> **What to produce**
Please repeat, precisely as written, only the lines from the one containing "Clear Glass Door" through the last line of the records below, pictures omitted.

--- Provided records ---

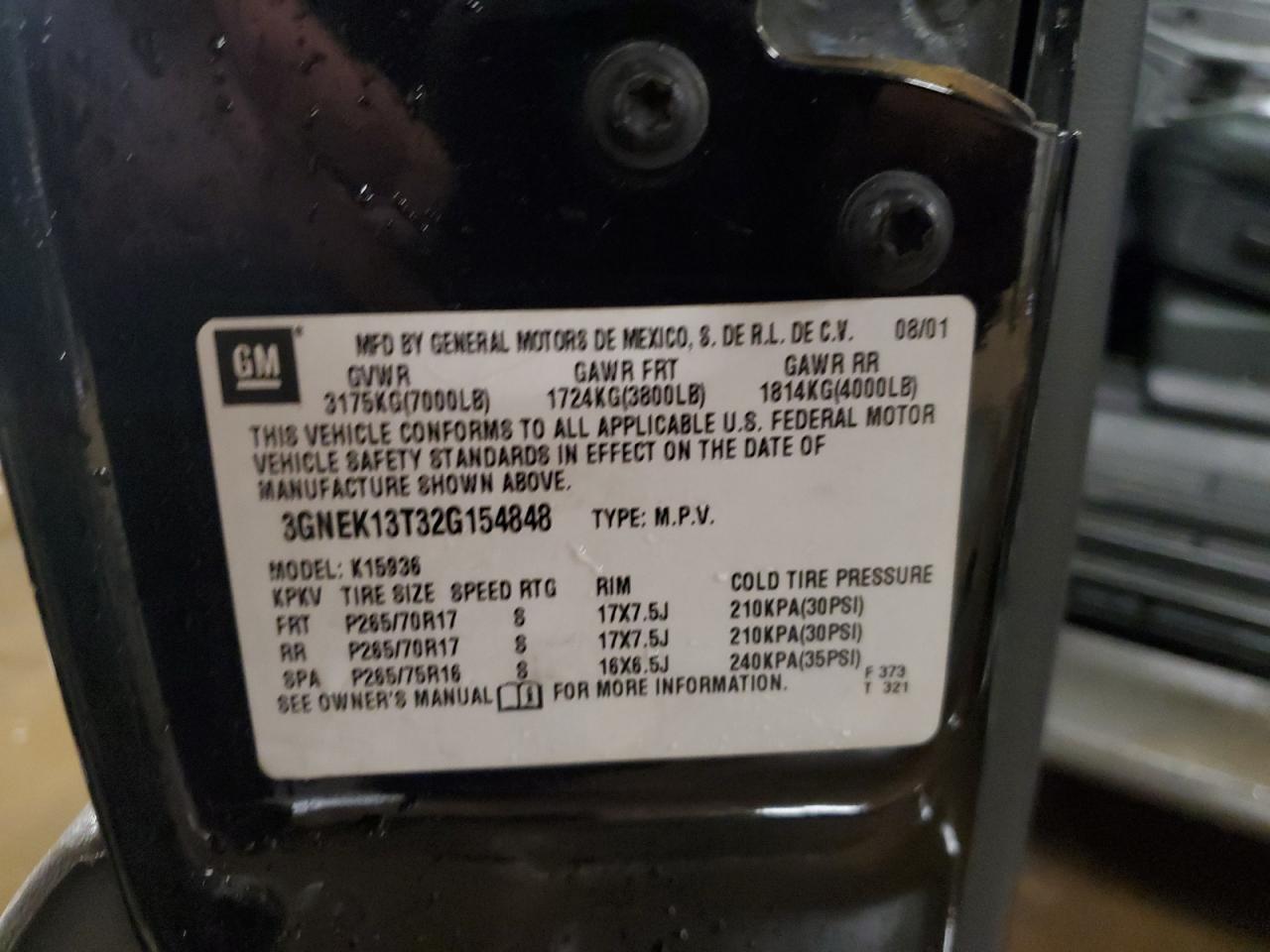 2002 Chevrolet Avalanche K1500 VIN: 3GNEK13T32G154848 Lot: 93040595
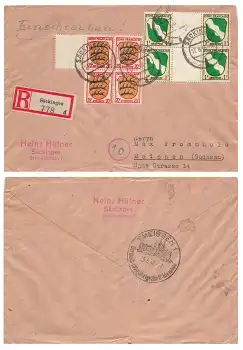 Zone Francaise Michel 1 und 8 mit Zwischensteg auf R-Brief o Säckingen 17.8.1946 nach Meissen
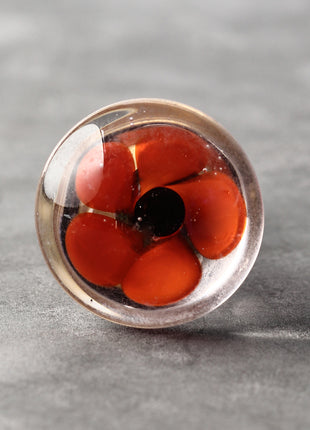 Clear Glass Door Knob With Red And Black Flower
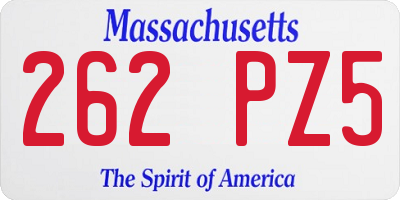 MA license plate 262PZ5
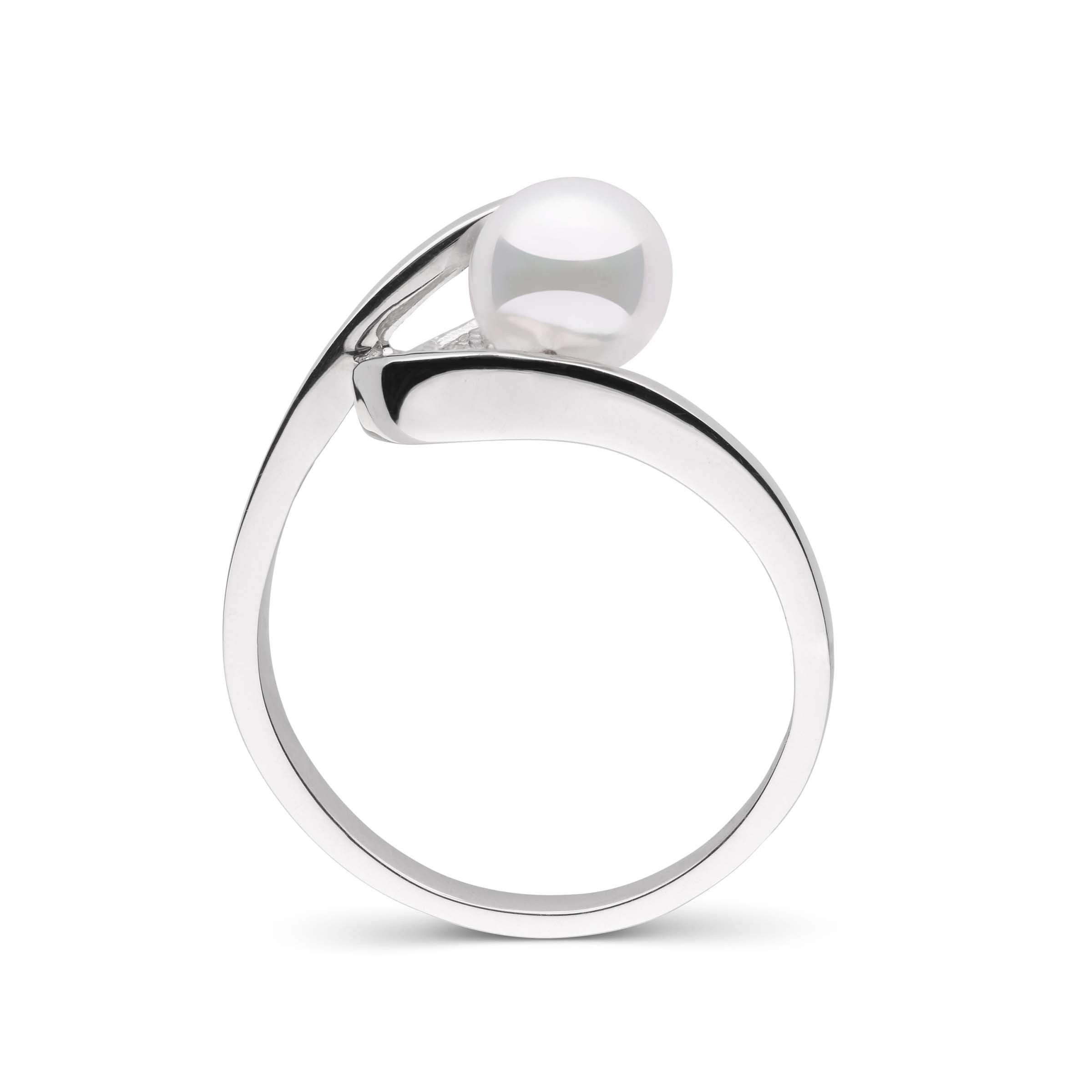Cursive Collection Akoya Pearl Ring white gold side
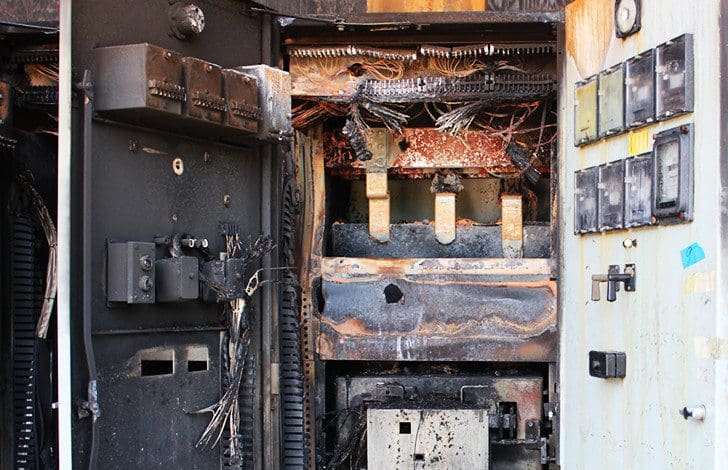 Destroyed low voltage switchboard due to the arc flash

---

> **Exercise output**
 Clear Glass Door Knob With Red And Black Flower
 MA license plate 262PZ5
Cursive Collection Akoya Pearl Ring white gold side
 Destroyed low voltage switchboard due to the arc flash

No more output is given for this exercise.